Supplied information:
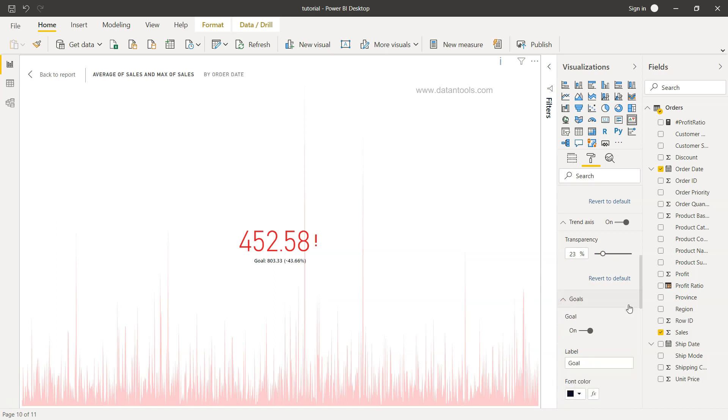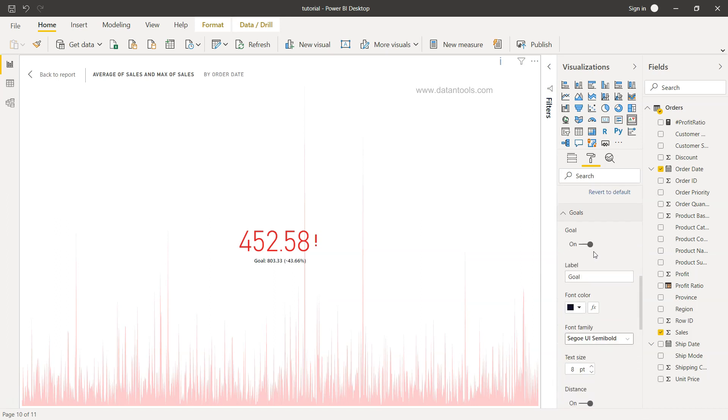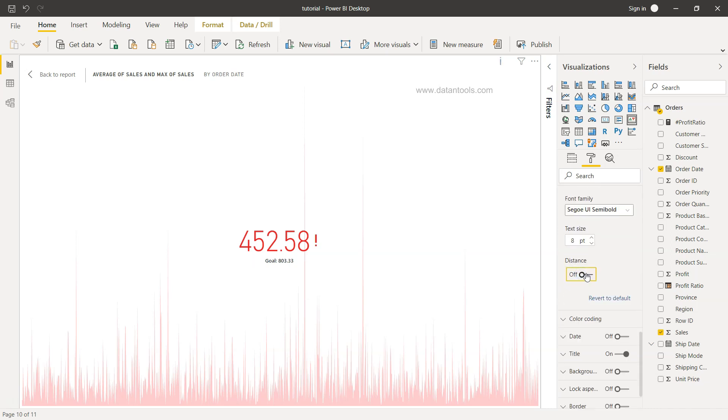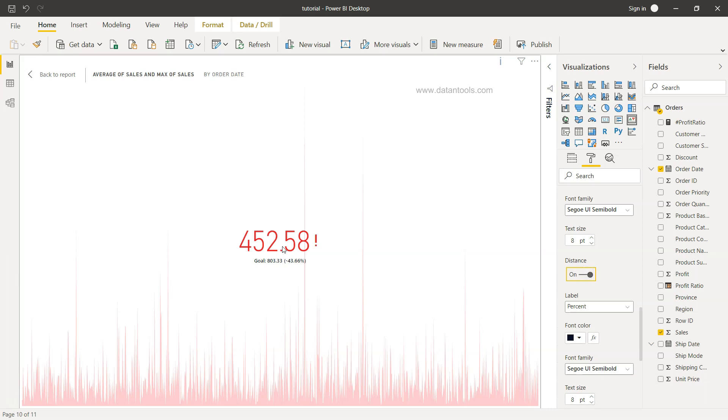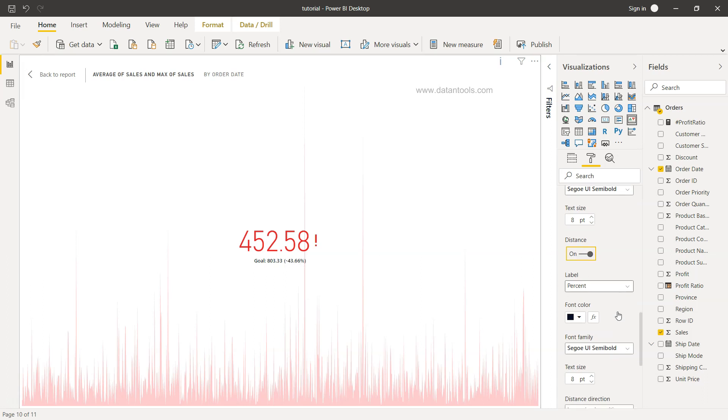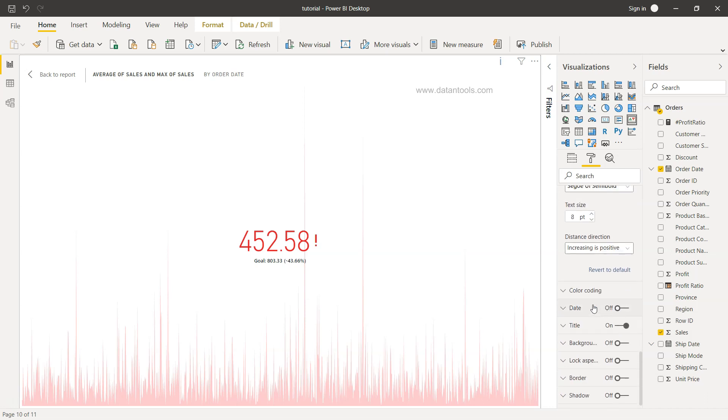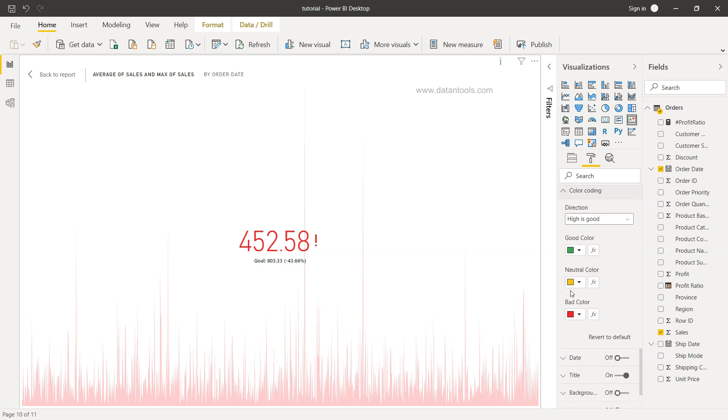For the goal, you want to show the goal or not, what should be the goal level. In this case you may have a different level, for example budget goal or sales goal or maybe any user-friendly goal, and what should be the color, and whether it should show distance or not. So yeah, we want to show the distance which is minus 43.66 percent.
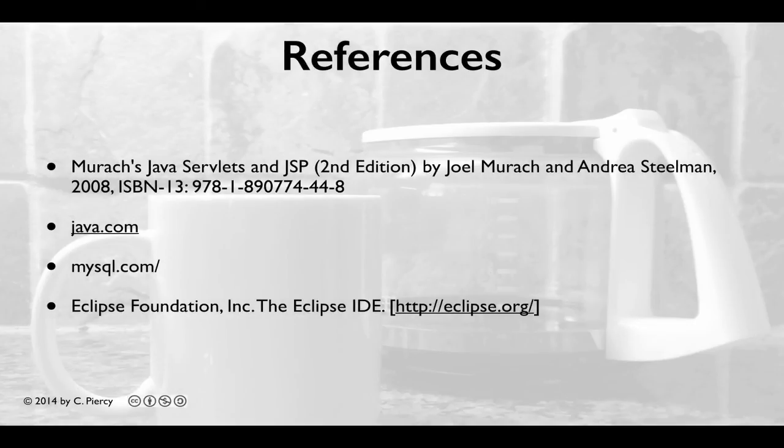For more information about the concepts that you learned in this video, please visit the references shown here.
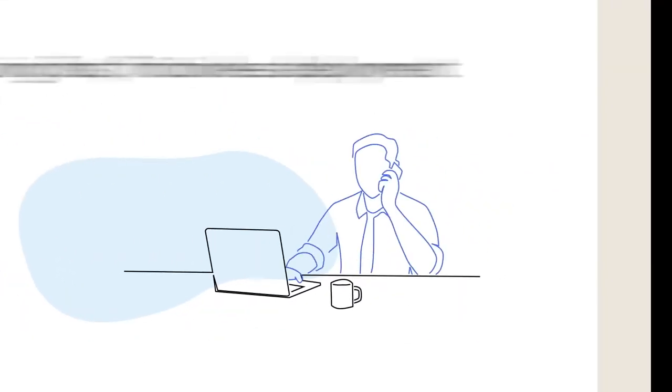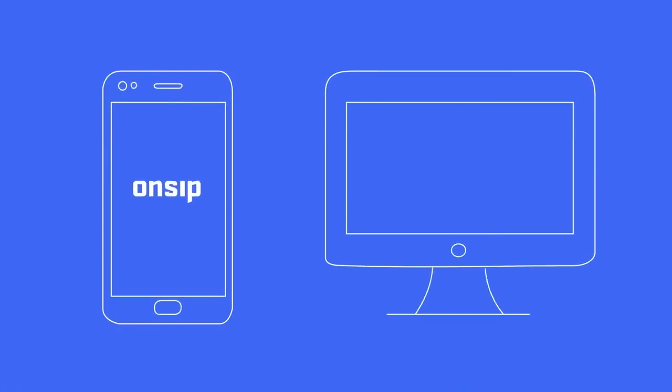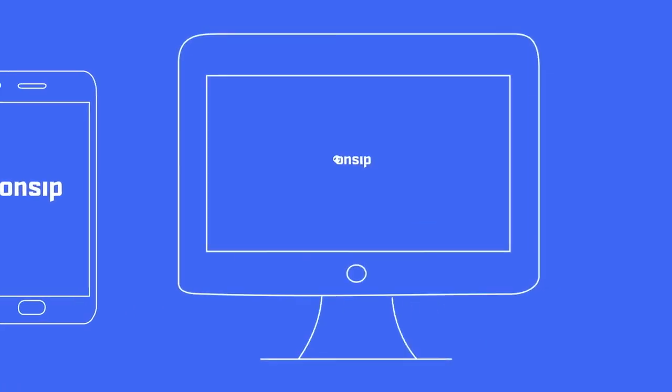OnSIP's robust platform allows users to make calls on any device via our free mobile, desktop, and browser apps.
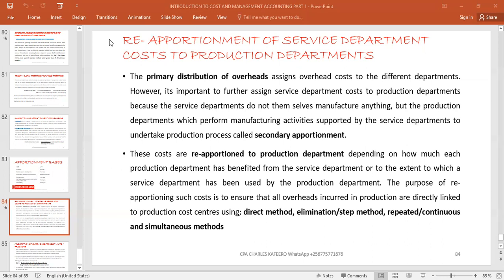The notes state: the primary distribution of overheads assigns overhead costs to different departments; however, it is important to further assign service department costs to the production department, because the service departments do not themselves manufacture anything. It is the production department which performs manufacturing or transformation activities, supported by the service department, that undertakes the production process — and that's called secondary apportionment.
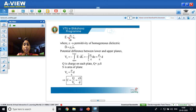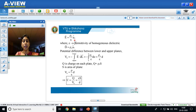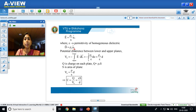The electric field intensity can be expressed as the surface charge density divided by the permittivity epsilon, multiplied by unit vector az, since the field is in the z direction. So E vector equals ρs/ε × az. The electric flux density D vector equals ρs × az, since D = εE. Hence D vector is ρs in the az direction.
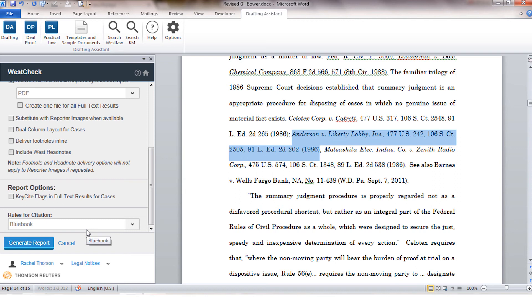The last option you have here, rules for citations, is only available to drafting assistant customers. WestCheck users that only have access through Westlaw will not see this option. The rules for citations option gives you the ability to see the citation in your report in a particular rule format.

Problem details: Only the line with "For more information" and those preceding it, back to the first line of the entries, should be repeated exactly, without pictures.

Solution for this exercise:
For the goal, you want to show the goal or not, what should be the goal level. In this case you may have a different level, for example budget goal or sales goal or maybe any user-friendly goal, and what should be the color, and whether it should show distance or not. So yeah, we want to show the distance which is minus 43.66 percent.
For more information about the concepts that you learned in this video, please visit the references shown here.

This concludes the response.